Disparition de Henri Corenthin : UN MALIEN DE QUALITÉ S’EN EST ALLÉ
Quand nous avions appris le décès à l’âge de 92 ans du Docteur Henri Corenthin, nous avons ressenti ce poignant regret que peut seul amener la disparition d’un homme de qualité.
D’un homme qui en outre n’a pas eu de son vivant tous les hommages dûs à ses mérites. Ce métis, Guadeloupéen d’origine, avait choisi par amour pour notre pays de lier intimement sa vie à celle du Soudan français au départ, puis à celle du Mali indépendant. Jeune docteur vétérinaire, il posa ses valises, au gré de l’affectation coloniale, à Kita au début des années 50. Dans la capitale arachidière du Soudan, il s’attela à promouvoir les activités sportives en accordant une attention toute particulière au football.
Il faut savoir que dans certaines colonies la pratique de ce sport a été longtemps réservée uniquement aux blancs et métis. La « libéralisation » de la discipline à la fin des années 30 permit aux Soudanais de s’y engouffrer avec enthousiasme. Henri Corenthin verra dans la promotion du ballon rond une manière de contribuer à la lutte émancipatrice du Soudan et il créa ainsi l’Union sportive de Kita. Après sa mutation à Bamako, il créa un autre club qu’avec son sens de l’humour, il baptisa l’USI (Union sportive indigène). Dont la fusion avec l’Aigle Noir de Bamako-coura, un adversaire pratiqué à Kita, donna naissance au Club olympique de Bamako. (COB).

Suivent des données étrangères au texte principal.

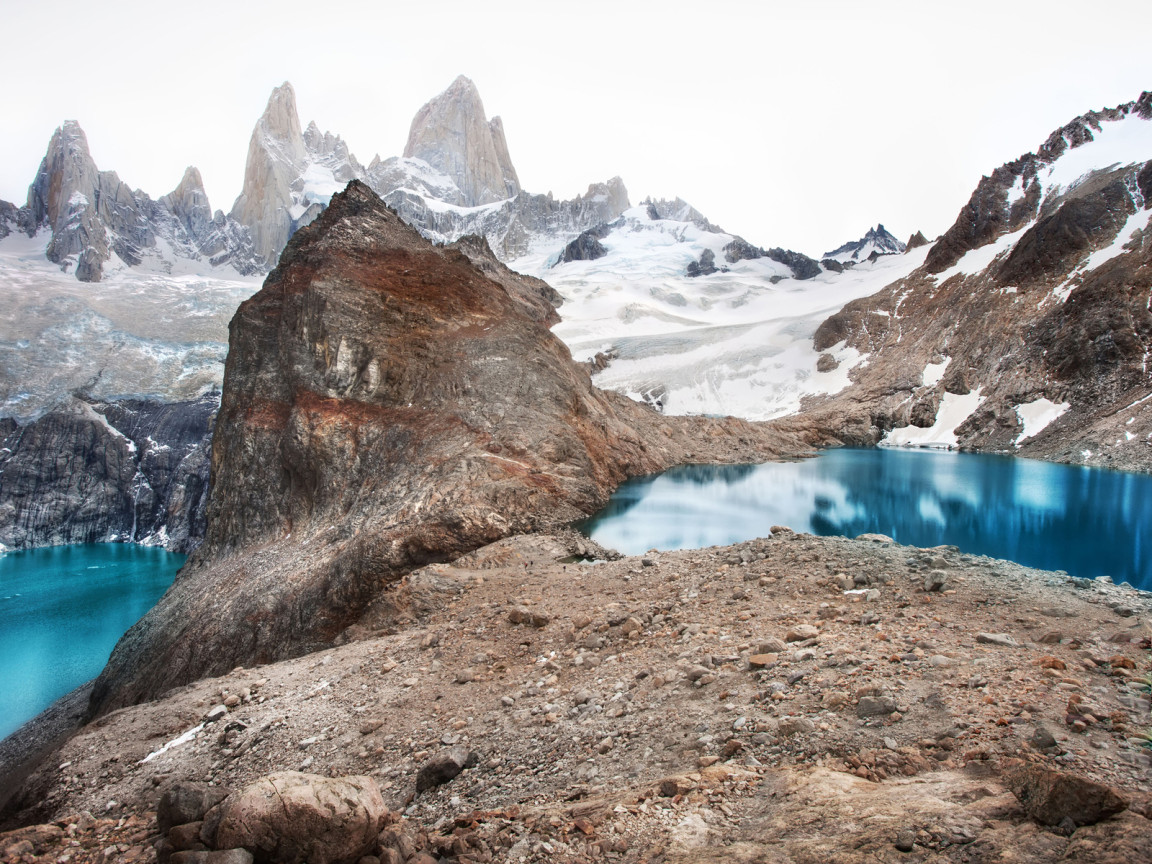 Горы и озера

Par delà le sport auquel le jeune Corenthin consacrait la majeure partie de son temps de loisirs, un événement politique majeur vint bouleverser l’administration des colonies françaises, le vote en 1956 de la Loi cadre par l’Assemblée nationale française. S’ouvrait ainsi un nouveau processus politique qui conduisit l’année suivante à l’intégration des cadres ressortissants des territoires dans la conduite de l’administration des colonies. Le premier gouvernement de la Loi cadre sera mis en place le 22 mai 1957 et Henri Corenthin y fit son entrée en qualité de ministre chargé de l’Elevage et de l’Industrie animale. Reconduit à cette responsabilité le 24 juillet 1958, il quitta le gouvernement le 4 avril 1959 à l’installation de celui de la Fédération du Mali (qui réunissait le Sénégal et le Soudan).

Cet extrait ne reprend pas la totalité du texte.